Show Abstract | Download Original | Original Source | Check in Google Scholar | DOI: 10.35965/eco.v26i1.8696

Abstract

Penelitian ini bertujuan untuk mengevaluasi kinerja operasi dan pemeliharaan saluran irigasi sekunder Rinjani di Desa Taripa, Kecamatan Angkona, Kabupaten Luwu Timur. Metode penelitian yang digunakan adalah pendekatan deskriptif kuantitatif dengan pengumpulan data melalui observasi lapangan, wawancara, dan dokumentasi. Analisis dilakukan terhadap beberapa komponen penilaian yaitu kondisi fisik infrastruktur irigasi, kinerja pelayanan air, serta kinerja kelembagaan pengelola irigasi. Hasil penelitian menunjukkan bahwa kondisi fisik infrastruktur jaringan irigasi mengalami kerusakan sebesar 2,39% dan masih berada dalam kategori sangat baik. Tingkat kecukupan air mencapai 90% yang termasuk kategori sangat cukup, sedangkan tingkat ketepatan pemberian air sebesar 72% yang tergolong baik. Selain itu, kinerja kelembagaan pemerintah dalam pengelolaan irigasi memperoleh nilai 75% yang menunjukkan kondisi yang memadai.
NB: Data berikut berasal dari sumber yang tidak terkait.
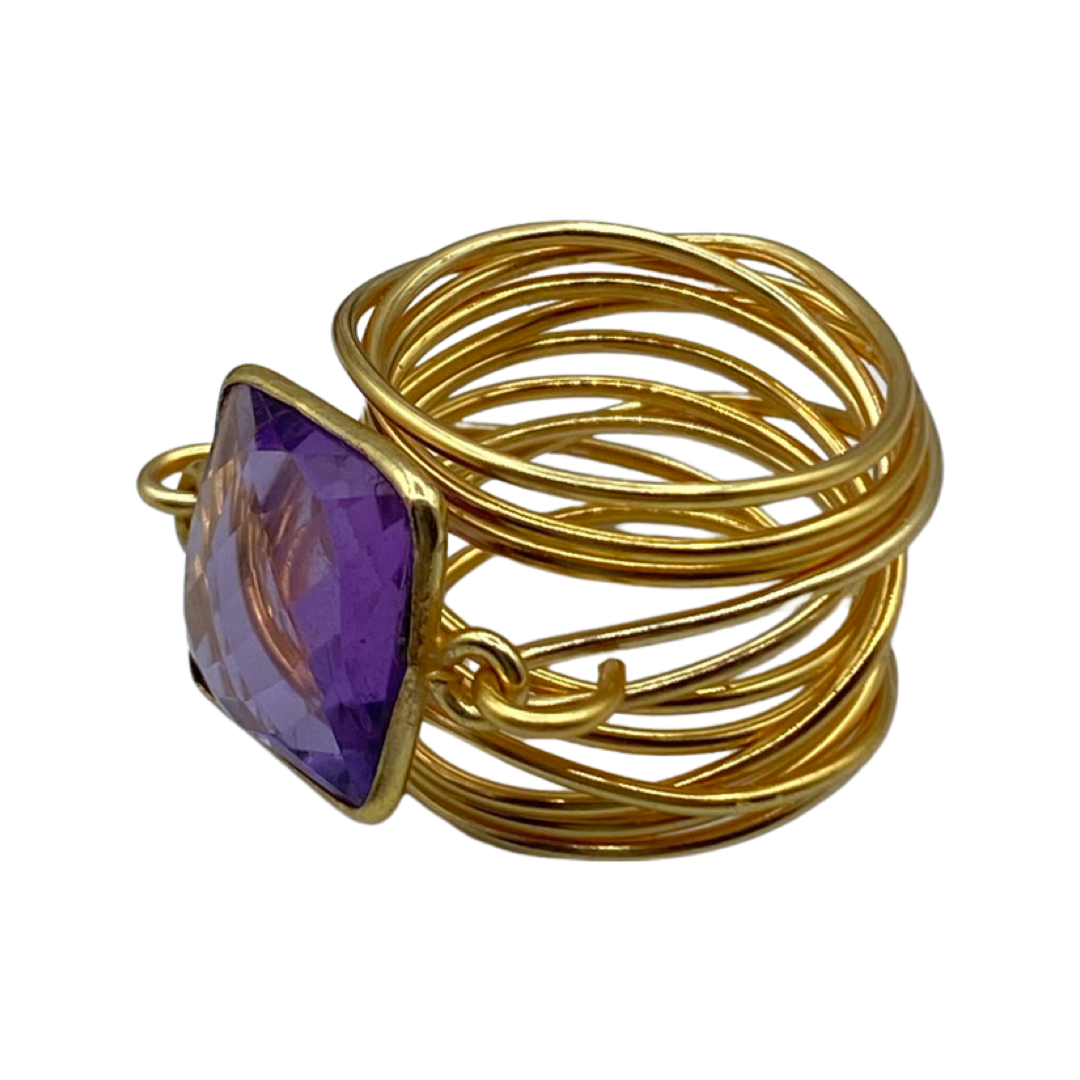 PURPLE HAZE RING - Butterfly Alley Jewelry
Secara keseluruhan, hasil evaluasi menunjukkan bahwa kinerja operasi dan pemeliharaan saluran irigasi sekunder Desa Taripa memperoleh skor 3,5 yang termasuk dalam kategori sangat baik. This study aims to evaluate the performance of operation and maintenance of the Rinjani secondary irrigation channel in Taripa Village, Angkona District, East Luwu Regency. The research method used is a quantitative descriptive approach with data collection through field observations, interviews, and documentation. The analysis was conducted on several assessment components, namely the physical condition of irrigation infrastructure, water service performance, and the institutional performance of irrigation management. The results show that the physical condition of the irrigation network infrastructure experienced damage of 2.39% and is still categorized as very good. The level of water adequacy reached 90%, which falls into the very adequate category, while the accuracy level of water distribution was 72%, categorized as good. In addition, the institutional performance of the government in irrigation management obtained a score of 75%, indicating an adequate condition. Overall, the evaluation results show that the performance of operation and maintenance of the secondary irrigation channel in Taripa Village obtained a score of 3.5, which is classified as very good.